Jason Crazy Bear Keck is the co-founder of 7 Directions of Service with his wife, Crystal. With a multiracial heritage as Choctaw-Apache, French African Creole, and European, Jason’s leadership is driven by the power of grassroots solidarity and bridge-building across differences. He is the former VP of outreach for an international men’s organization and currently leads programming for men and boys that foster Indigenous values and healthy male identities. Jason is a board member of Benevolence Farm, President of the Alamance County Native American Caucus, and the Communications Director of the 17 Rivers North Carolina Chapter of the American Indian Movement.
Learn more: https://7directionsofservice.com/.
The mission of Iowa CCI is to empower and unite grassroots people of all ethnic backgrounds to take control of their communities; involve them in identifying problems and needs and in taking action to address them; and be a vehicle for social, economic, and environmental justice.
Toby Raine is one of CCI’s Membership and Database Coordinators. He is involved in cleaning up member data, creating strategies for member growth and retention, and coordinating fundraising efforts. He came to CCI after several years of working for the Polk County District Court. Frustrated by the lack of public resources within the Justice System, Toby realized he wanted to be part of an organization dedicated to positive change rather than one that maintains the status quo. He is originally from a tiny town in southwest Iowa and went to a high school surrounded by corn and soybean fields. In his spare time, he likes to crochet, sew, read, and travel the Midwest with his partner.
Ava Auen-Ryan started as Farm & Environment Organizer in July of 2018 and worked with CCI for three years before going on a vision quest to Ohio. Ava moved back to Iowa and rejoined the staff in November of 2022. Some of her favorite memories growing up in Iowa are playing in the crick on her grandparent’s farm, going fishing in the driftless region of the state, and the views of the Mississippi from her backyard in a small town in Southeast Iowa.
Learn more: https://www.iowacci.org/.
Environmental Justice Community Action Network
Environmental Justice Community Action Network (EJCAN) is an organization focused on, and dedicated to, achieving environmental justice around North Carolina. EJCAN focuses on issues that have a significant impact on health, economic outcomes, and quality of life for residents in the state.
Sherri White-Williamson co-founded EJCAN along with colleagues from Vermont Law School in July 2020. Since moving back to North Carolina she has worked to empower local community members to advocate for change in Sampson County. To date, the organization has helped to prevent contaminated soil from being dumped at the local landfill – the largest in the state. EJCAN continues to work in collaboration with university partners to provide free water testing for residents.

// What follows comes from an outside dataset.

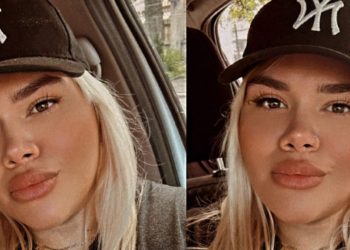 Con un nuevo retoque estético, More Rial fue vista con un misterioso hombre en un restaurante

Learn more: https://www.ejcan.org/.
Kansas Rural Center and Praire Band Potawatomi Nation
The mission of Kansas Rural Center is to promote the long-term health of the land and its people through research, education, and advocacy that advance an economically viable, ecologically sound, and socially just food and farming system.The Kansas Rural Center will be working with members of Prairie Band Potawatomi Nation located on Prairie Band Potawatomi land, currently known as Jackson County, Kansas.
Mikayla “MK” Kerron is an Environmental/GIS Technician for the Prairie Band Potawatomi Nation where she coordinates the Clean Water Act 319 Nonpoint Source Pollution, Wetlands, and GIS Programs. She holds a B.A. in Indigenous and American Indian Studies from Haskell Indian Nations University where she focused her studies on climate change in Indigenous communities and Traditional Ecological Knowledge. Mikayla is an enrolled member of the Wichita & Affiliated Tribes in Oklahoma and is also a descendent from the Muscogee Creek Nation, Makah, and Quileute Tribes. Prior to her job with Prairie Band she was also a GAP Technician in the Environmental Programs Department for the Wichita & Affiliated Tribes and also a Bureau of Indian Affairs Intern for the Southeast Climate Adaptation Science Center at North Carolina State University. She will continue her studies at the University of Kansas to receive a M.S. in Geography and further her research climate change in Indigenous communities and TEK.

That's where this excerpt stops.